Loi 13025 LDTR Pour que les locataires puissent devenir, s’ils le souhaitent, propriétaires de leur propre logement
Protégeons la LDTR contre les spéculateurs !
Depuis que la droite a remporté une forte majorité au parlement, elle obtient des majorités faciles sur ses textes de lois. Le droit de référendum nous permet ensuite d’appeler à ce que l’électorat tranche et dans la grande majorité des cas, l’électorat nous suit. Nous appelons à voter non à une loi du parlement bourgeois, pensée pour agrandir le marché des acheteurs de logements.

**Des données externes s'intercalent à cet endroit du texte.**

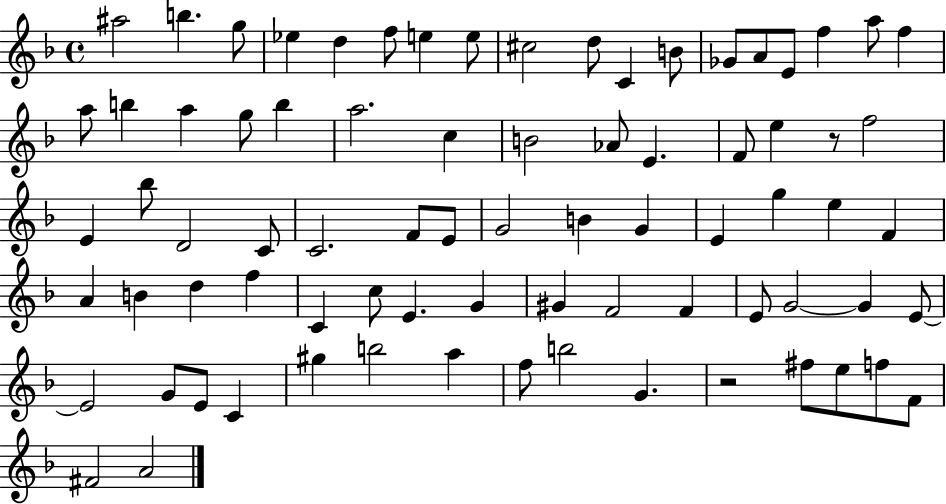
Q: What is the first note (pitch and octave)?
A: A#5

Un projet pensé et déposé par des vendeurs de logements.
Loi modifiant la loi sur les démolitions, transformations et rénovations de maisons d’habitation (mesures de soutien en faveur des locataires et de l’emploi) (LDTR) (Pour que les locataires puissent devenir, s’ils le souhaitent, propriétaires de leur propre logement) (L 5 20 – 13025), du 12 décembre 2025
Vu l’exiguïté de notre canton et l’obligation intelligente de protéger les terres agricoles, la concurrence est vive sur l’usage des terrains constructibles restants. Les Vert-es veulent privilégier les logements répondant aux « besoins prépondérants d’intérêt général » (LGZD art. 5).

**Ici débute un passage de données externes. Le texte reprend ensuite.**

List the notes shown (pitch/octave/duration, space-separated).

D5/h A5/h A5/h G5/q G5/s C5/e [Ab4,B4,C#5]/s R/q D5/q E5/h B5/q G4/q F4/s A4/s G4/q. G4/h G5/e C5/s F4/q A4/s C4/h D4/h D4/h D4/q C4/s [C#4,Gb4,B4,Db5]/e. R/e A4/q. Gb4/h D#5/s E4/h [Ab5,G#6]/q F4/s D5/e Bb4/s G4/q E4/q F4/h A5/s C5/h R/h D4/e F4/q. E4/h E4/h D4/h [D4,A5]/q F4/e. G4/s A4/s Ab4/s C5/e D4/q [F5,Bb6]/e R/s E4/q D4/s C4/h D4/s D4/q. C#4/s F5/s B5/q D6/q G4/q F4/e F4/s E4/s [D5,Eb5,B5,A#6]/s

Or, la PPE en zone de développement est contrôlée durant seulement 10 ans. Au-delà de cette durée, en cas de revente, les appartements s’alignent sur les prix du marché et font l’objet de démarches patrimoniales et spéculatives. On constate, à l’issue des dix ans de contrôle de l’Etat, que les appartements en PPE sont revendus avec des plus-values atteignant parfois 30% ! Ces appartements disparaissent du marché de la PPE accessible à la classe moyenne. L’objectif visé par la LGZD en matière d’accession à la propriété n’est donc que très partiellement atteint, ou du moins pour une durée relativement courte à l’échelle de la vie d’une famille ! Tout ça pour ça… La durée du contrôle est donc un aspect déterminant de la réflexion, si l’on souhaite pérenniser le modèle de la PPE en zone de développement.
S’il est vrai qu’il existe des ménages voulant et pouvant devenir propriétaires de leur logement, la part des ménages genevois pouvant acheter est en revanche minime. En clamant que la PPE en pleine propriété doit pouvoir continuer à être à la portée de tous, la droite tente de leurrer la population. En l’état, ce modèle tiendra au mieux encore une ou deux décennies, par manque de terrains. Or, nous Vert-es voulons et devons développer notre canton avec une vision à long terme.
La droite prétend sortir les appartements de la dynamique haussière des loyers libres de la zone ordinaire par l’achat de l’appartement par son occupant. Or la majorité de la population s’est opposée à cette disposition à différentes reprises, contre les congés-ventes.
La loi que nous attaquons en référendum serait, si elle passait le vote populaire une vaste opération de vente à la découpe du parc locatif genevois, au détriment des moins bien lotis ! Les propriétaires ne seront intéressés à vendre que les appartements rapportant peu à la location, donc les logements à loyers bas. Or, c’est justement dans ce type d’appartements qu’habitent les personnes à bas revenus. Ce projet de loi risque donc de donner lieu à des évacuations parmi la population la plus vulnérable du marché locatif !
Ce projet de loi ne permet pas de contrôle des prix sur la durée. Il présente des risques d’effets pervers importants et notamment de spéculation immobilière. Pour toutes ces raisons, le secrétariat des Vert-es vous recommandent chaleureusement de vous positionner contre la loi.